For browser evidence, VM execution, and promotion artifacts, pair it with
data-science-cv-repro-lab instead of letting the campaign drift into ad hoc runs.
Use This Skill When
- - the user wants a CV or DS system pushed toward state-of-the-art results
- the task involves reproducing or surpassing recent papers
- the workflow needs paper triage, leaderboard tracking, or claim review
- the workflow includes OpenClaw, Colab, Kaggle, browser-only notebook actions, or GUI-heavy pages
- the user needs experiment management across browser research, notebooks, local runs, and long GPU jobs
- the user wants GPU VM or notebook watchdog logic, artifact pulls, or browser evidence for a SOTA candidate
- the question is whether a candidate is a real SOTA step or only noise, leakage, or benchmark overfitting
If the campaign includes serious execution or release review, use this skill to choose and rank candidates,
then use data-science-cv-repro-lab as the execution lane.
Quick Start
- 1. Freeze the claim target before touching recipes.

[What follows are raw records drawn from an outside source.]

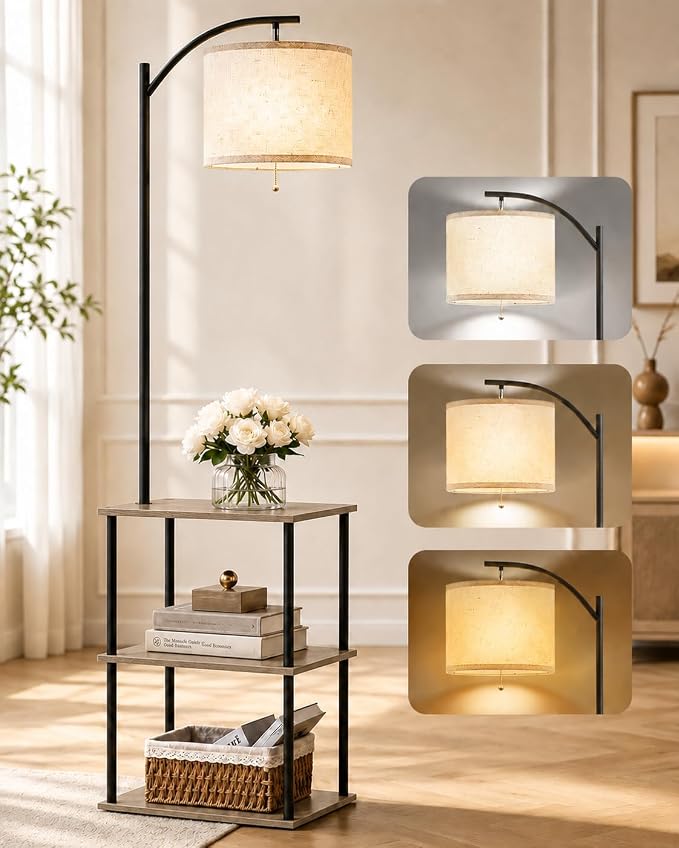 GERGO Floor Lamp with Table, Side Table for Living Room, 3 CCT 9W LED Bulb | Adjustable Linen Shade & Pull Chain, Modern Coffee End Table, Night Stand with Storage Shelves for Bedroom, Office Home Décor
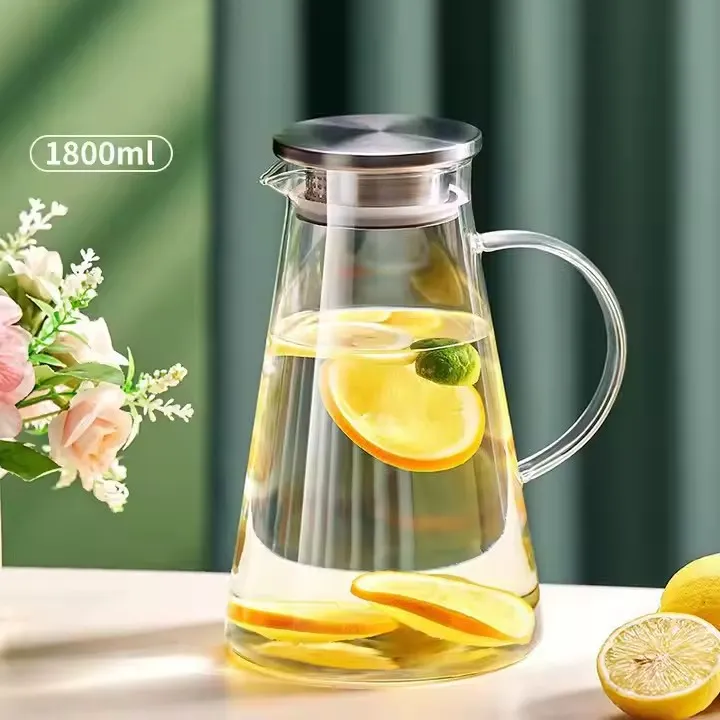 Borosilicate Hand Blown Clear Resistant Glass Water Pitcher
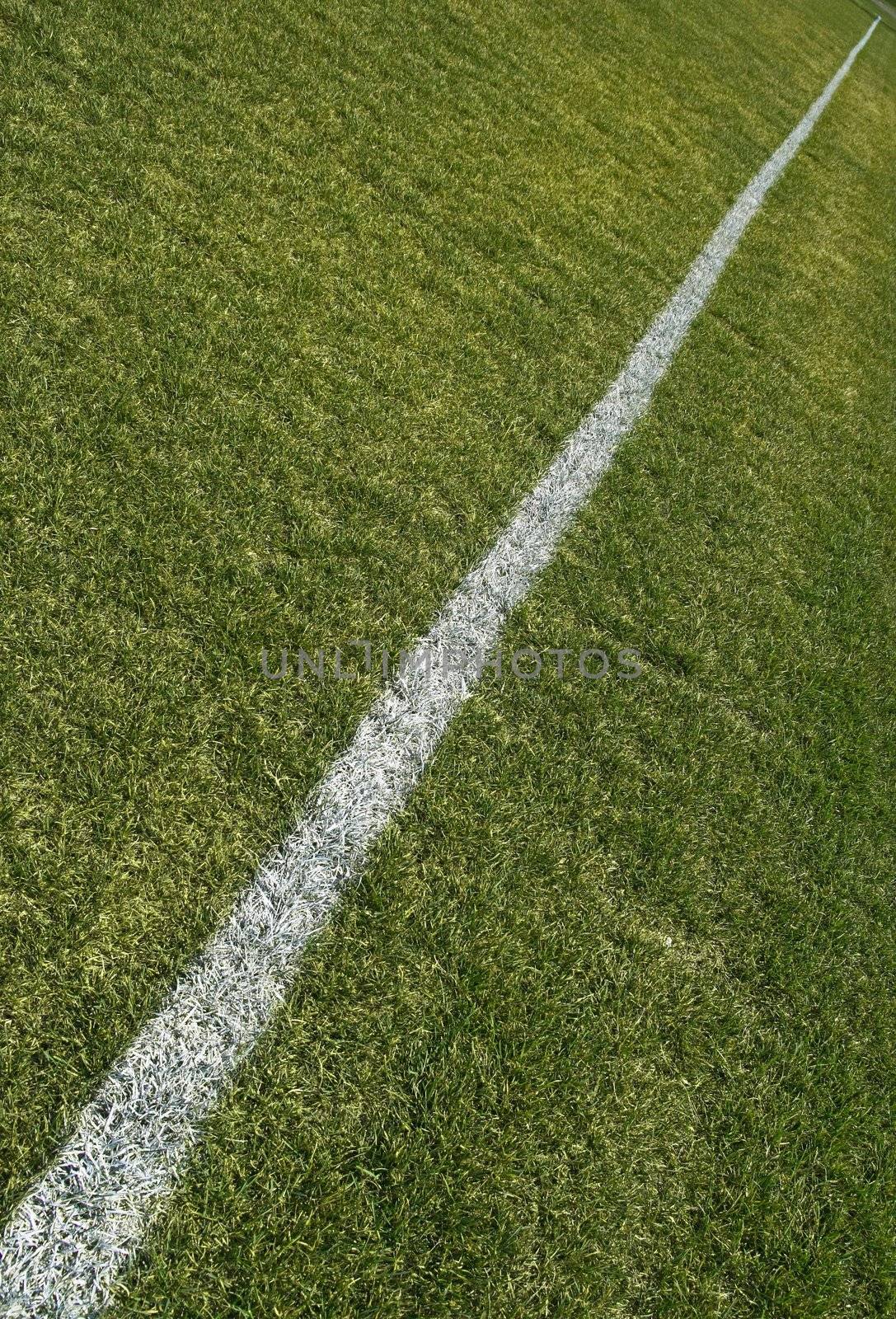 Boundary line of a soccer/football playing field.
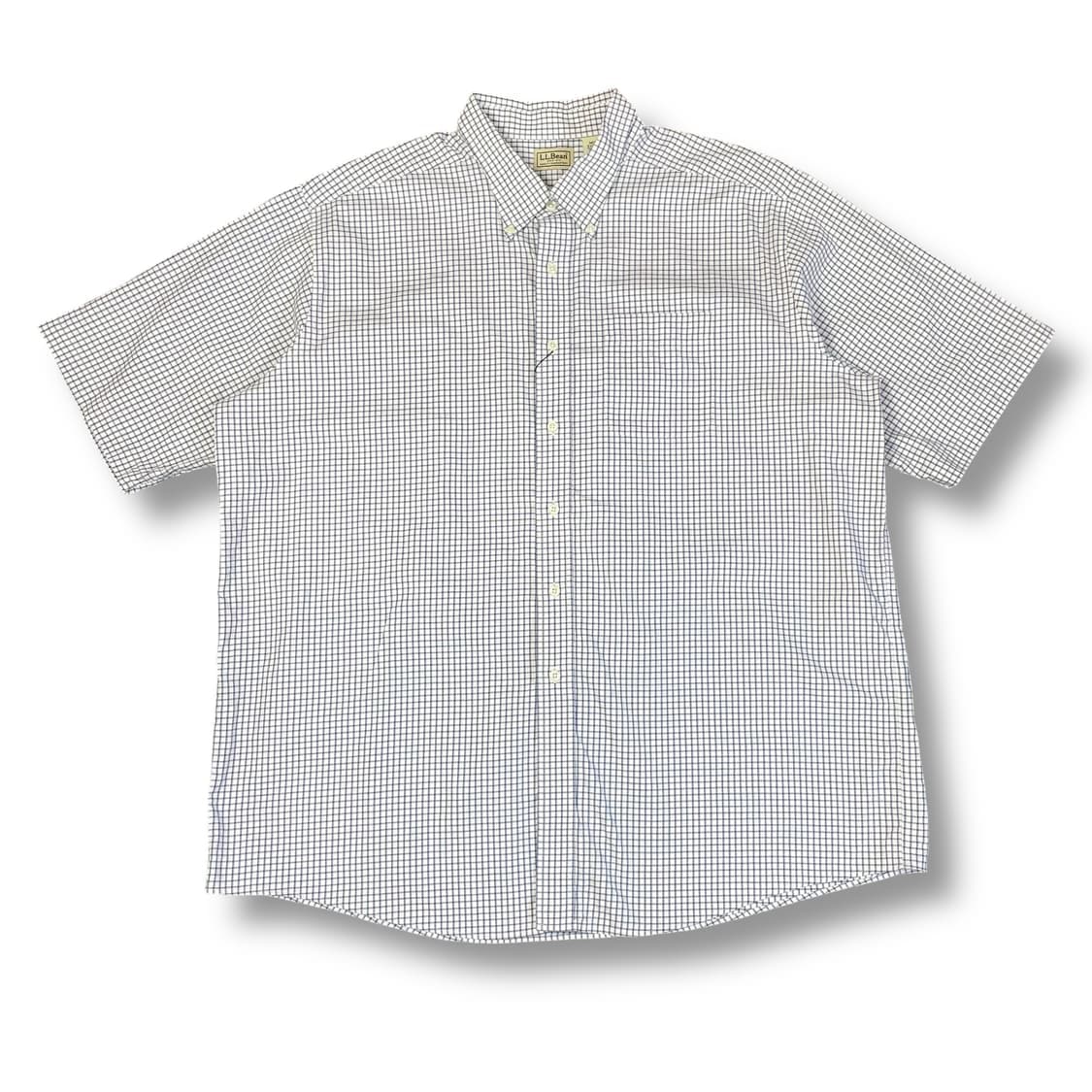 엘엘빈 빅사이즈 오버핏 블루 깅엄체크 원포켓 반팔 셔츠 XXL 상품이미지1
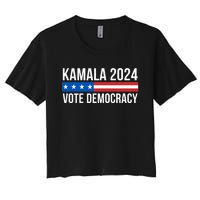 Kamala 2024 Vote Democracy Women's Crop Top Tee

- Name the task, dataset, metric, split, and target score.
- Name the current trusted baseline.
- Name the claim threshold for "match", "beat", or "not enough".
- 2. Initialize the campaign records immediately.
- Use
python3 {baseDir}/scripts/init_sota_campaign.py --root <dir> --campaign-id <id> --title <title>.
- Use
python3 {baseDir}/scripts/init_sota_leaderboard_snapshot.py --out <json> --task <task> --dataset <dataset> --metric <metric> --split <split>.
- Use
python3 {baseDir}/scripts/init_sota_paper_triage.py --out <json> --campaign-id <id> --task <task>.
- Use
python3 {baseDir}/scripts/init_sota_program.py --out <json> --campaign-id <id> --task <task> --dataset <dataset> --metric <metric> --split <split> when you need one machine-readable benchmark, rerun, delegation, and auth plan.
- Use
python3 {baseDir}/scripts/init_sota_candidate_card.py --out <json> --candidate-id <id> --campaign-id <id> --objective <goal>.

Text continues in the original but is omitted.